France favors a “stronger organization” behind the euro led by “a vanguard of countries,” French President Francois Hollande said in an interview published yesterday.
In the past week “the European spirit prevailed” in addressing the Greek crisis, he told the weekly Journal du Dimanche.
“But we cannot stand still,” Hollande said, in the interview published alongside a profile of Jacques Delors, the former head of the European Commission.
Delors, a former French economics and finance minister who turns 90 today, was one of the architects of the euro.
“I have proposed taking up Jacques Delors’ idea about euro government, with the addition of a specific budget and a parliament to ensure democratic control,” Hollande said.
His remarks touched on what analysts have seen as a major flaw in the euro.
Under 1992’s Maastricht Treaty, countries that share a common currency must obey rules on borrowing and deficit spending.
However, the Greek crisis saw one of the 19 eurozone members notch up successive worsening deficits and amass a mountain of debt. The problems were only addressed by bailouts from the European institutions and the IMF.

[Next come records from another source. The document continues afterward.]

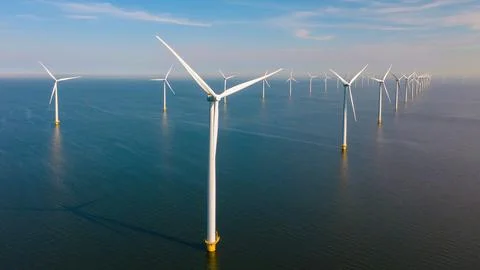 Offshore windmill park with clouds and a blue sky Stock Photos
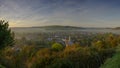 Early morning autumnal mist over East Meon village with Butser Hill and the South Downs in the background, South Downs National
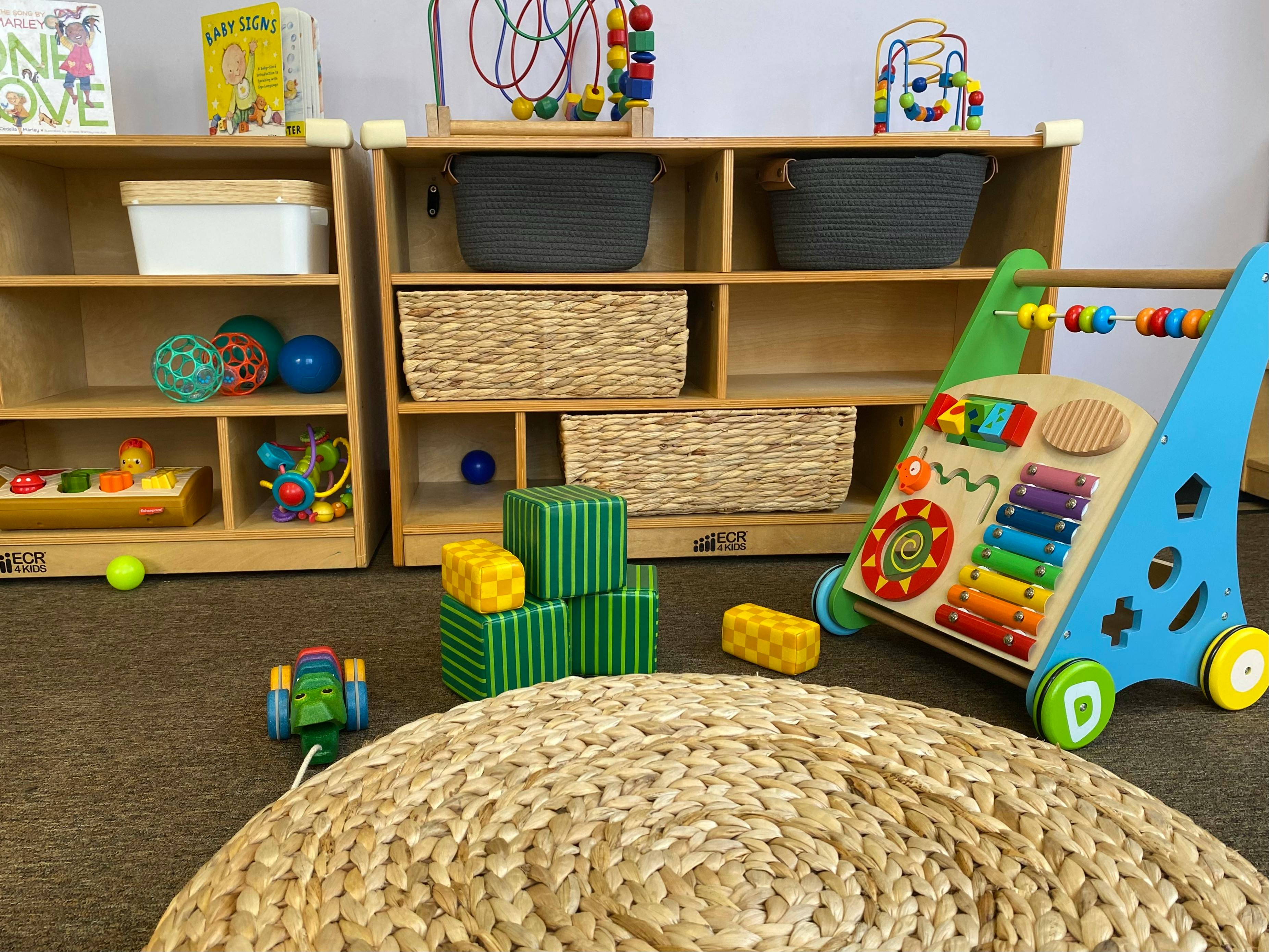 Child's play area with wooden shelves, baskets, and various toys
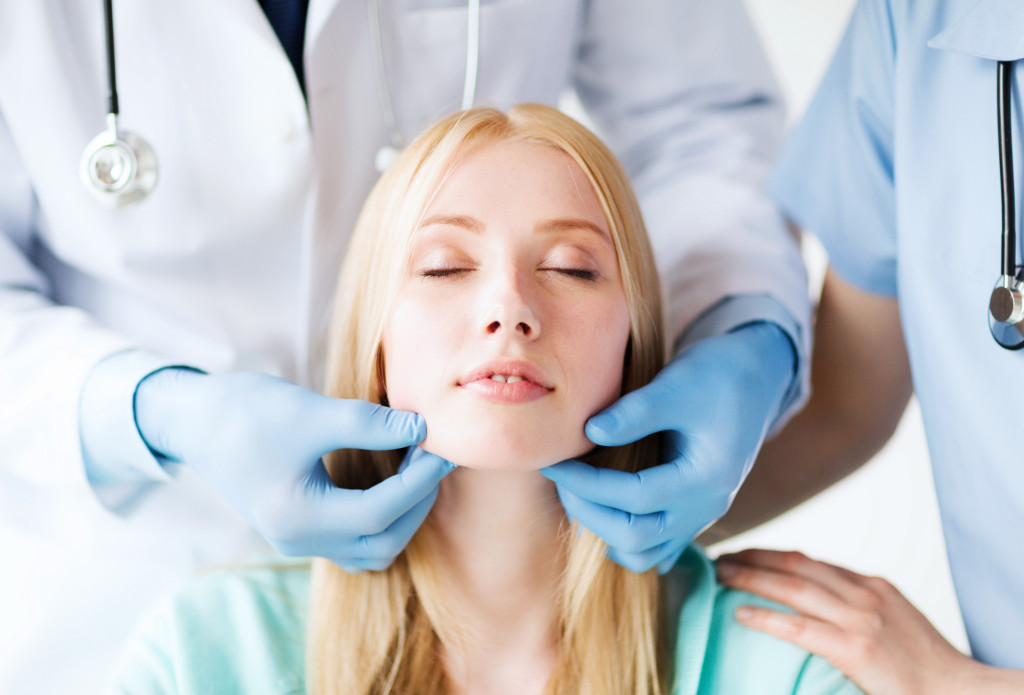 a woman getting medical treatment from a doctor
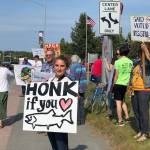 Residents line the Sterling Highway, in front of Sen. Lisa Murkowskis office to oppose Pebble mine on Wednesday, June 26, 2019, in Soldotna, Alaska. (Photo by Victoria Petersen/Peninsula Clarion)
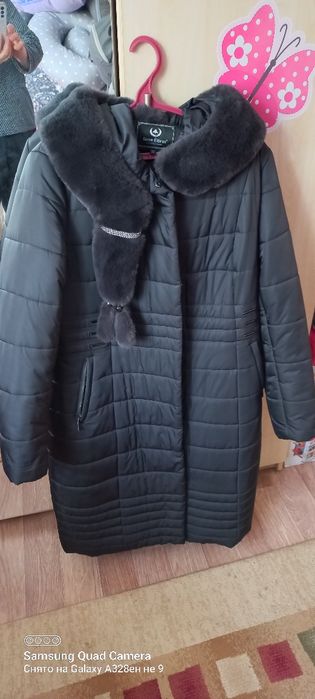 Продам пуховик женский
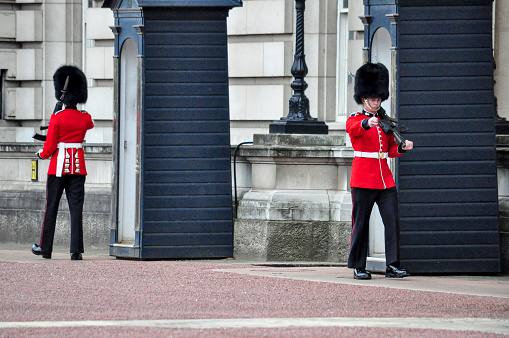 Armed soldiers guards using bearskin are marching in the front yard at Buckingham Palace, London, England. This picture was taken from outside the palace during the changing of The Queen's Guard, the infantry soldiers charged with guarding the official royal residences in the United Kingdom. A bearskin is a tall fur cap, usually worn as part of a ceremonial military uniform.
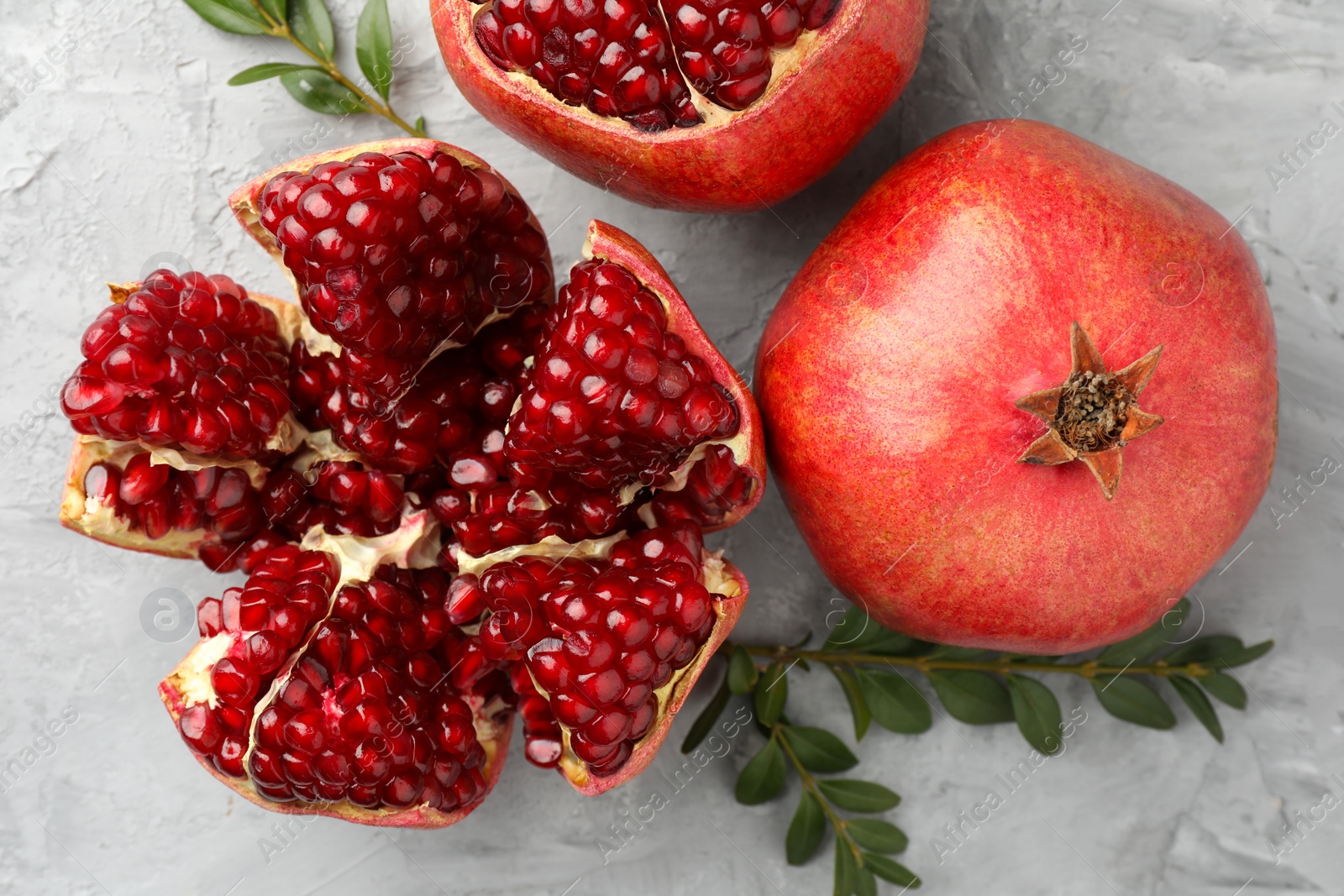 Photo of Fresh pomegranates and green leaves on grey textured table, flat lay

Critics say the problem stems from a lack of centralized control over national fiscal policies, which remain jealously guarded areas of sovereignty.
In 2011, Delors said the crisis facing the euro required member states either to accept greater economic cooperation or a transfer of more national powers to the EU’s center.
Hollande did not spell out his proposals in the interview, but said it was time to overhaul the euro’s governance.
“Sharing a currency is far more than wanting [economic] convergence,” he said.
“It’s a choice that 19 countries have made, because it was in their interest. No government, by the way, has taken the responsibility of leaving” the euro since its creation, he said. “This choice calls for strengthened organization and, among the countries which will decide it, a vanguard.”
“France is willing to take part because, as Jacques Delors showed, the country becomes greater when it takes the initiative in Europe,” he added.